Scholz suggests a halfway house, where qualified majorities of member countries, weighted by population size, would gain more sway, and outliers would have less opportunity to shield national exceptions — whether to lure multinationals with ultra-low corporate taxes or to block sanctions and EU crisis management operations.

Nationalist leaders in Warsaw and Budapest rail against what they perceive as a power grab for a Germany-dominated Europe. They warn that the EU’s most populous nation would use the voting system to throw its weight around, bending smaller countries to its will _ just as it was accused of doing when trying to force reluctant eastern neighbors to accept migrant quotas.

Moreover, the proposals come at a time when Central European governments feel they’ve been proven right — and France and Germany wrong — about the danger of Russia, which makes them even less inclined to be outvoted by their Western European cousins.

Anti-German and anti-Brussels rhetoric is likely to loom large in the run-up to next year’s parliamentary election in Poland, with Jarosław Kaczyński’s ruling conservative nationalist Law and Justice party facing a strong challenge from a pro-EU opposition coalition, which is led by former European Council President Donald Tusk.

The outcome of that poll may indeed prove more influential on the future shape of EU integration than any debate about institutional fixes.

For its part, France is broadly in favor of more majority voting, notably to prevent a race to the bottom in corporate taxation. But even Paris may balk at the risk of being outvoted when it comes to policy on Africa or the Middle East, where it has historic interests.

Another area where Scholz’s proposals will struggle to advance is in overcoming old disputes within the EU over migration policy and fiscal rules.

The German leader seems to be counting on labor shortages in many member countries to help surmount more than a decade of deadlock over how to control and manage asylum and immigration.

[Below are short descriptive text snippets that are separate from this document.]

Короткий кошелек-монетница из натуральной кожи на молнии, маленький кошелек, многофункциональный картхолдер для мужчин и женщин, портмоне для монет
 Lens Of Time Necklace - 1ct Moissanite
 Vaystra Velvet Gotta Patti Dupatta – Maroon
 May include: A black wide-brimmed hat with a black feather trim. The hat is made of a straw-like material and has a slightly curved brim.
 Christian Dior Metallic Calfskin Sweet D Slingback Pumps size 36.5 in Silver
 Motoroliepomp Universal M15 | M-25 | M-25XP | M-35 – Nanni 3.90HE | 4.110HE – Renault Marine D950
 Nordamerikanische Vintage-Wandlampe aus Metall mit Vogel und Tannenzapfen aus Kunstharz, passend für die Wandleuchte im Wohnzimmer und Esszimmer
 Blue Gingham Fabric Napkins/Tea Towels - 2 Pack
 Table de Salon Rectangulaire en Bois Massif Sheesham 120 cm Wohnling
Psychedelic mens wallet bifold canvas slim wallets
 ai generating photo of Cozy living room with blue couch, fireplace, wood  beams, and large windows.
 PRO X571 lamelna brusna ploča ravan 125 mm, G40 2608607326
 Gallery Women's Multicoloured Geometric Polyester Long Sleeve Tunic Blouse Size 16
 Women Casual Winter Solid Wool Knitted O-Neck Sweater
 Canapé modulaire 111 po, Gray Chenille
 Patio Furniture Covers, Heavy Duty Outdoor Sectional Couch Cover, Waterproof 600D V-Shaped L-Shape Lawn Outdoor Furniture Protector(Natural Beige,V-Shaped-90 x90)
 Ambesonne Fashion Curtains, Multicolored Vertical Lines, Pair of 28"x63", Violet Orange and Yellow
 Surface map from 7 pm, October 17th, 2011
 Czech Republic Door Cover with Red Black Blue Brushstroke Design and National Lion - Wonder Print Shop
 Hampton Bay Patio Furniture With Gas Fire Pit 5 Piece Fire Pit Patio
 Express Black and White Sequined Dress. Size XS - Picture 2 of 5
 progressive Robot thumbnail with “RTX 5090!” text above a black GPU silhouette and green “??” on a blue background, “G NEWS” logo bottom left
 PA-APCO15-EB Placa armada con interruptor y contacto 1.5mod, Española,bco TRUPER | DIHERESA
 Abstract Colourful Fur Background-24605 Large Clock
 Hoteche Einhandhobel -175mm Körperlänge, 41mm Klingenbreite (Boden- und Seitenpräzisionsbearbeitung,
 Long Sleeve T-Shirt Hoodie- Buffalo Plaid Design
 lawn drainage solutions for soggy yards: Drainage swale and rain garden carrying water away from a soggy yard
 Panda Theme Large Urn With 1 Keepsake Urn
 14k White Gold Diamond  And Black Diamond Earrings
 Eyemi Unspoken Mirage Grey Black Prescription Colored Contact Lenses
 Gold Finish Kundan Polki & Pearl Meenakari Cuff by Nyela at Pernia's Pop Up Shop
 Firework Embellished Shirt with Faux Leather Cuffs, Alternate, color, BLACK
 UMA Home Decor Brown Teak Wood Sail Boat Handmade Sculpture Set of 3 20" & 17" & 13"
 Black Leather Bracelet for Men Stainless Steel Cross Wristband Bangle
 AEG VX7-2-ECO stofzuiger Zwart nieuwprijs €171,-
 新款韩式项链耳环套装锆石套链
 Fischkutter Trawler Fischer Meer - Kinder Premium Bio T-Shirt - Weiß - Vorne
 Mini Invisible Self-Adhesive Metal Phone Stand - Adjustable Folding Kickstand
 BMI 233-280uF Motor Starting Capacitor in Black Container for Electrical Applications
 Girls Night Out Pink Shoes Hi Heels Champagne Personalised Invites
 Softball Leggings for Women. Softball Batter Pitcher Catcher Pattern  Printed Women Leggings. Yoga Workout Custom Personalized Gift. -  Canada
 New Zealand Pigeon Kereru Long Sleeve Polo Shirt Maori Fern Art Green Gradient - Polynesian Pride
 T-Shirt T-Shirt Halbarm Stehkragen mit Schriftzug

He advocates the promotion of legal migration for work in return for a more effective crackdown on illegal immigrants, using EU funds as leverage on transit countries to accept their repatriation.

The trouble is, not only do most migration experts say such repatriation strategies don’t work —given the underlying drivers of migration like climate change, poverty and conflict — but politically, Scholz is swimming against a tide of public hostility to all migration, legal or otherwise, which has helped sweep hard-right nationalists and populists from the fringes to the brink of power in countries like Sweden and Italy.

This noisy populist chorus is likely to drown out moderate voices advocating for managed migration.

Similarly, Scholz’s call for a reform to EU’s budget rules, which would set a realistic pace for reducing national debt while allowing “transformational investments,” may well be derailed by a looming recession and the Russia-related energy crisis. The fiscal rules are currently suspended and are due to go back into force next year, but it may be easier just to kick the can down the road than to try and to negotiate a fraught compromise against a backdrop of high inflation, jittery bond markets and shrinking economies.

The last decade of serial crises has shown that when under the gun, the EU can agree on innovative and previously unthinkable solutions, such as common borrowing, collective purchases of vaccines and giant recovery funds. This may prove to be a more plausible route for future integration than formal institutional debates over majority voting and veto rights, whatever Scholz or Macron may propose.

Another year or more of war will further transform the EU from an exclusive common market into a geopolitical community, grouping all the countries to the west of Russia — except Belarus. That may well force the bloc to eventually change its rules. But it is more likely that the EU will instead go on finding creative ways of bending those rules to make what is necessary possible.